Dr. Charles McKinney, chair of Africana studies and an associate professor of history at Rhodes, has co-edited a new book with Brown University history professor Françoise N. Hamlin titled From Rights to Lives: The Evolution of the Black Freedom Struggle.
In the book published by Vanderbilt University Press (March 2024), the editors have put together a collection of works by scholars discussing the similarities, differences, and underrepresented aspects of the mid-twentieth century Civil Rights Movement and the newer #BlackLivesMatter Movement.
Dr. David Mason, associate professor of media studies at Rhodes, contributed the chapter “The Ambivalence of Activist Photography: July 10, 2016.”
According to the description of From Rights to Lives, “McKinney and Hamlin invite the contributors to take up what we can learn when we place these moments of struggle in dialogue with each other. They grapple with how our understanding of the postwar moment shapes our analysis of #BLM and wherein lie the discontinuities, in order to glean lessons for future moments of insurgency.”

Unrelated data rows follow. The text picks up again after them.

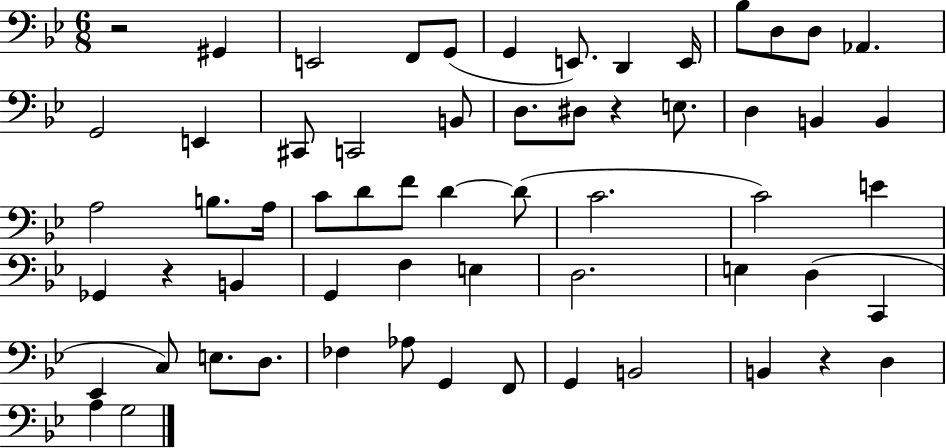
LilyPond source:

{
  \clef bass
  \numericTimeSignature
  \time 6/8
  \key bes \major
  r2 gis,4 | e,2 f,8 g,8( | g,4 e,8.) d,4 e,16 | bes8 d8 d8 aes,4. | \break g,2 e,4 | cis,8 c,2 b,8 | d8. dis8 r4 e8. | d4 b,4 b,4 | \break a2 b8. a16 | c'8 d'8 f'8 d'4~~ d'8( | c'2. | c'2) e'4 | \break ges,4 r4 b,4 | g,4 f4 e4 | d2. | e4 d4( c,4 | \break ees,4 c8) e8. d8. | fes4 aes8 g,4 f,8 | g,4 b,2 | b,4 r4 d4 | \break a4 g2 | \bar "|."
}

“This timely and updated exploration of ‘the long civil rights movement’ is an urgently needed volume,” said Militant Mediator author Dennis Dickerson about the book. “Comparisons between facets of Black Lives Matter and the antecedent Civil Rights/Black Power movements open new areas for scholarly examination. The essays move back and forth between contemporary and earlier eras of Black activism and invite fresh thinking about the Black Freedom Struggle.”

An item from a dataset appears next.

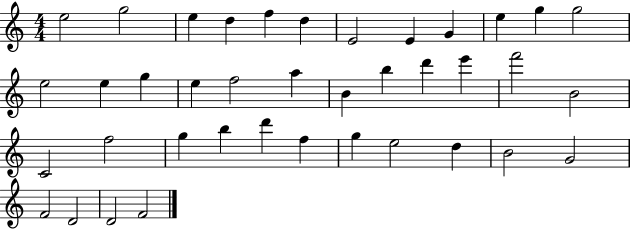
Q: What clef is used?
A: treble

At Rhodes, McKinney teaches courses that focus on the African American experience in the United States, and his primary research interests include the Civil Rights Movement and the Black freedom struggle in Memphis. He also is the author of Greater Freedom: The Evolution of the Civil Rights Struggle in Wilson, North Carolina, and co-editor of An Unseen Light: Black Struggles for Freedom in Memphis, Tennessee.